In a decision that environmentalists are calling a "death warrant" for the climate, Western Australia’s Environmental Protection Authority (EPA) has recommended the approval of the Valhalla fracking project, opening the door to a massive expansion of fossil fuel extraction in the pristine Kimberley region.
The regulator's green light for Bennett Resources, a subsidiary of the US-based Black Mountain Energy, to drill 20 wells in the Canning Basin has sparked immediate fury. Critics argue that this is not just a local project; it is a planetary hazard that could add up to 2.6% to Australia’s entire national greenhouse gas emissions.

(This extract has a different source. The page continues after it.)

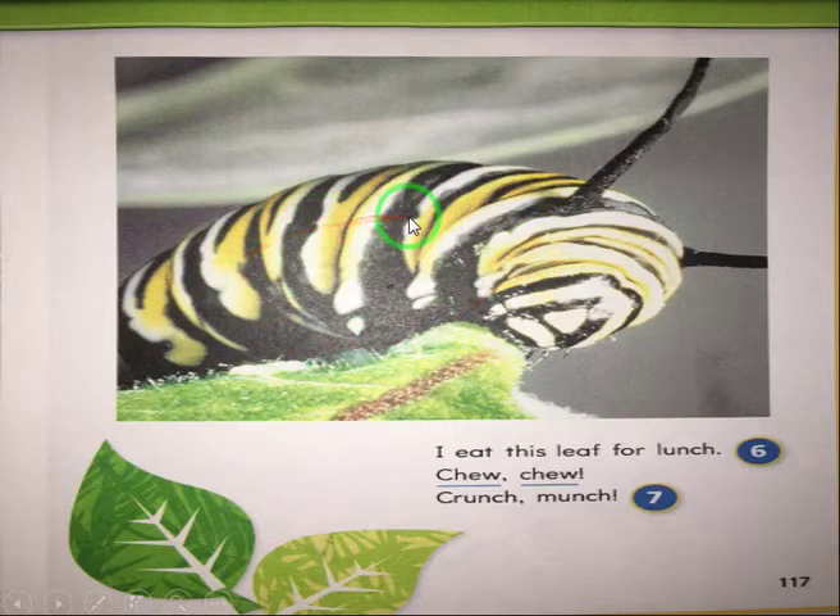Let us look at the picture and tell me what do you see. We see a caterpillar. And what does a caterpillar do? The caterpillar eats a leaf. So the caterpillar is eating a leaf.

The Kimberley is one of the world's last great wildernesses, a landscape of ancient gorges, tropical savannahs, and the mighty Martuwarra Fitzroy River. The EPA’s decision to allow hydraulic fracturing here is being viewed as a betrayal of both the environment and the Traditional Owners who have fought for decades to protect their Country.
"This is outrageous," said Sophie McNeill, the Greens’ fossil fuels spokesperson. "The community is overwhelmingly opposed to fracking. We are talking about risking a $500 million tourism industry and an irreplaceable ecosystem for the profit of a Texan billionaire."
The Valhalla project is seen as the "thin end of the wedge." If allowed to proceed, it could pave the way for thousands of wells across the Canning Basin, turning one of Australia’s most iconic landscapes into an industrial gas field.
The EPA has attached conditions to the approval, but for opponents, there is no "safe" way to frack the Kimberley. The fight now moves to the Environment Minister's desk, with activists vowing to launch the biggest environmental campaign since the fight for the Franklin River. The message is simple: the gas must stay in the ground.